Lebih lanjut, Agus menyinggung kasus hukum yang tengah membelit seorang tokoh masyarakat bernama Mustapa, yang berselisih dengan pihak perusahaan. Ia menilai bahwa penyelesaian melalui jalur kekeluargaan lebih tepat dibandingkan pendekatan hukum yang kaku.
Menurutnya, upaya restoratif lebih memungkinkan tercapainya keadilan sosial dan perdamaian jangka panjang.
“Ada kemanusiaan juga di situ. Kalau bisa dicabut (laporannya) lebih bagus, dibicarakan baik-baik, supaya ini jadi pelajaran dan tidak terulang,” tegasnya.
Komisi I DPRD Kaltim juga telah memfasilitasi dua pertemuan penting antara warga dan pihak perusahaan, yakni PT MHU dan PT Insani Bara Perkasa. Meskipun tidak memiliki kewenangan yudisial, DPRD tetap menjalankan peran strategis sebagai mediator dalam konflik antara masyarakat dan pelaku usaha.
Agus menegaskan bahwa pihaknya hanya bertugas menjembatani pihak-pihak yang berselisih untuk menemukan titik temu.
“Kita bukan pengadil. Tugas kita hanya menjembatani supaya ada kesepakatan,” tambahnya.

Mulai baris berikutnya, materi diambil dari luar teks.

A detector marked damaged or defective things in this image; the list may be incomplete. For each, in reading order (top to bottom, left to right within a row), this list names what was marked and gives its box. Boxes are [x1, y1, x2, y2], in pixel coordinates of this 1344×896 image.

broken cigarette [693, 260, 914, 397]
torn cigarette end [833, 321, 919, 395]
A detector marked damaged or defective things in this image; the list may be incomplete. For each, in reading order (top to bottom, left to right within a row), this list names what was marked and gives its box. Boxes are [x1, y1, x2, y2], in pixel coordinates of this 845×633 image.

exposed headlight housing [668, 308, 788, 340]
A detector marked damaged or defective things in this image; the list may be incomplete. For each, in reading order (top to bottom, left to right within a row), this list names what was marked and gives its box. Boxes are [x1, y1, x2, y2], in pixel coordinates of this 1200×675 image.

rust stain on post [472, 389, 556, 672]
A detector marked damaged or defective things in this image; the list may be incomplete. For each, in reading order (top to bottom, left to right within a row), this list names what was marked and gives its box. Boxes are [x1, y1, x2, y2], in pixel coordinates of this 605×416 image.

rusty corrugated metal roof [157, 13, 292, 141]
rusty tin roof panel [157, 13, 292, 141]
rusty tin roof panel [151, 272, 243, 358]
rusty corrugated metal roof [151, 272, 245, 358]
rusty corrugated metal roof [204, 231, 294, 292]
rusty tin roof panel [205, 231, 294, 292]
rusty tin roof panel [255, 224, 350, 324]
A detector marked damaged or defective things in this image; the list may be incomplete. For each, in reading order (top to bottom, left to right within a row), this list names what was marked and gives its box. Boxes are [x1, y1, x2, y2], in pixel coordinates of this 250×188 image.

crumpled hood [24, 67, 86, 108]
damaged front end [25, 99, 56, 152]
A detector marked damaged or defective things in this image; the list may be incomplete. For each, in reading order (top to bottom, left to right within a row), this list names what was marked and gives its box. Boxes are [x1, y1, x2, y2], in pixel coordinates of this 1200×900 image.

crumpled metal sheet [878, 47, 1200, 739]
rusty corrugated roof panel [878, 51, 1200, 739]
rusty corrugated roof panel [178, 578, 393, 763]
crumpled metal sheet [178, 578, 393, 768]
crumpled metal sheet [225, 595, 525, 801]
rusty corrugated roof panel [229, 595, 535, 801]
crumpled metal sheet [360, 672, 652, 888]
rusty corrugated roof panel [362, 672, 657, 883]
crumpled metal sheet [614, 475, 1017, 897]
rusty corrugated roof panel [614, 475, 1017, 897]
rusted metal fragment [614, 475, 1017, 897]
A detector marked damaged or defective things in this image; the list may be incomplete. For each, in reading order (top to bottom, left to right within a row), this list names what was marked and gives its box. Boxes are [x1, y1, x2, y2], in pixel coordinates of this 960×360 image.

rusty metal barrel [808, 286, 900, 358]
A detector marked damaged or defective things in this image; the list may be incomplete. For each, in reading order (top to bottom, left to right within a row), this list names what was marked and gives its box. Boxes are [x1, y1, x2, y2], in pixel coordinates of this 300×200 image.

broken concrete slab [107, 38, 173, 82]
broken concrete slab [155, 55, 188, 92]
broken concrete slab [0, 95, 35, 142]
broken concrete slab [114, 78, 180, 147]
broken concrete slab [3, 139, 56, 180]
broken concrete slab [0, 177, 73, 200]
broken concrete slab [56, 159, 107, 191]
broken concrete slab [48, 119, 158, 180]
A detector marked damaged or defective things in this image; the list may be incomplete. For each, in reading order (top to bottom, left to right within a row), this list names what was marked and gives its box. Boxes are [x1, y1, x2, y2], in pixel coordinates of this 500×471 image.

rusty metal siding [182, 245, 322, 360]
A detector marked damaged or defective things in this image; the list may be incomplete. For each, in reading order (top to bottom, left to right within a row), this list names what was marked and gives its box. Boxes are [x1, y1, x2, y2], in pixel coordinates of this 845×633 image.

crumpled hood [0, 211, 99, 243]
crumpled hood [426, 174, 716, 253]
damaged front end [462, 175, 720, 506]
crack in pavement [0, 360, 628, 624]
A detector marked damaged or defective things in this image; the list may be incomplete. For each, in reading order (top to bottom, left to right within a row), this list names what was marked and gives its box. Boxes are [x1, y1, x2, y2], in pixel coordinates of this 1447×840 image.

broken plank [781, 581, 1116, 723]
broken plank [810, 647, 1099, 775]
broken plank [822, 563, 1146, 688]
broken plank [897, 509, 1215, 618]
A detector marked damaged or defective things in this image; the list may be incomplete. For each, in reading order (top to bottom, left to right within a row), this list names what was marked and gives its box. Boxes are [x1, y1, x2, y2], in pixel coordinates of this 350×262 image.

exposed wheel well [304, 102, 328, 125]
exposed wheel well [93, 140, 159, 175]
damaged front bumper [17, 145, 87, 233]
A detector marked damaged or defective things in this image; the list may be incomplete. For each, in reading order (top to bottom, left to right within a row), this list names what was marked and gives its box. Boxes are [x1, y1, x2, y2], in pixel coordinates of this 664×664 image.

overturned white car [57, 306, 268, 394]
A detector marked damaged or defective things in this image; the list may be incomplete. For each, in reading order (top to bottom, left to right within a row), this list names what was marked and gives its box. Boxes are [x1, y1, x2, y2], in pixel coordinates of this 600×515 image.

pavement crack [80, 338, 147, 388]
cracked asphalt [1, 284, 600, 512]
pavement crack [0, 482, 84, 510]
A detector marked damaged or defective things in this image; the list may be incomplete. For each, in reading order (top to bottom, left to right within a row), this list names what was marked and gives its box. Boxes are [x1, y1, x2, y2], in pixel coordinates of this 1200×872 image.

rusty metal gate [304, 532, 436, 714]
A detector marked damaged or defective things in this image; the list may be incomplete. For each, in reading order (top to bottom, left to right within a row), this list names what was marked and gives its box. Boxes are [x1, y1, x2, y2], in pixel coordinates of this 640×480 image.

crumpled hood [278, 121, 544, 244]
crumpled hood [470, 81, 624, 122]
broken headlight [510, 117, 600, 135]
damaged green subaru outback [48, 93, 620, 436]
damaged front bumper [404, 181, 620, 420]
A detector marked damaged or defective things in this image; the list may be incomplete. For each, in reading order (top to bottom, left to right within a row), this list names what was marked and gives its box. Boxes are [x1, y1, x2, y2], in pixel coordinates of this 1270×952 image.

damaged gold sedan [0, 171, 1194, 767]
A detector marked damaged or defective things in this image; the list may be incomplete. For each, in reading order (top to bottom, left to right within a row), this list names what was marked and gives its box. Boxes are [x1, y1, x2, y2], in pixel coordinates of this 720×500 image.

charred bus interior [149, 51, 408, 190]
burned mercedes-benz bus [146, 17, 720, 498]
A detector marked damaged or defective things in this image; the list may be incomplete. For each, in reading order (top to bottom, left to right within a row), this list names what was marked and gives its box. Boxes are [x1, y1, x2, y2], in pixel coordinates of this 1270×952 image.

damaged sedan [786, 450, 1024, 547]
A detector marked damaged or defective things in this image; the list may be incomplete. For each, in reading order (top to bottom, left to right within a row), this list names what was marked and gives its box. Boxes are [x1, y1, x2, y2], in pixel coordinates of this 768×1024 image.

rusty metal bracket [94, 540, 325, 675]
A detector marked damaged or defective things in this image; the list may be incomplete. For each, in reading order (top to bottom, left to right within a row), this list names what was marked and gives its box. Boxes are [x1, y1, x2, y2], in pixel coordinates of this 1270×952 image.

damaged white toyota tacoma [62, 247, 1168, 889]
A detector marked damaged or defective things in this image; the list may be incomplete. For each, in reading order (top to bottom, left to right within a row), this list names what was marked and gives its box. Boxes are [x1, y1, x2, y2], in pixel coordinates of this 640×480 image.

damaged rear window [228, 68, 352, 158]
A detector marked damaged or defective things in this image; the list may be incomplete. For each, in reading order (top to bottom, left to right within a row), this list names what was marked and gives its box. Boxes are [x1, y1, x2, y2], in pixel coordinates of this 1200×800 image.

Lebih lanjut, Ketua Fraksi Partai Gerakan Indonesia Raya (Gerindra) itu mengatakan bahwa pihaknya mendukung pembentukan tim khusus lintas sektor, yang terdiri dari DPRD, Pemprov, aparat penegak hukum, dan tokoh masyarakat, guna memfasilitasi mediasi dan memberikan solusi jangka panjang atas konflik lahan yang kini mencuat di Kukar.
Ia berharap seluruh pihak dapat mengedepankan dialog terbuka dan tidak terpancing provokasi yang bisa memperkeruh suasana.
“Kita semua bertanggung jawab menjaga harmoni sosial. Jangan sampai karena investasi, masyarakat jadi korban,” tandasnya.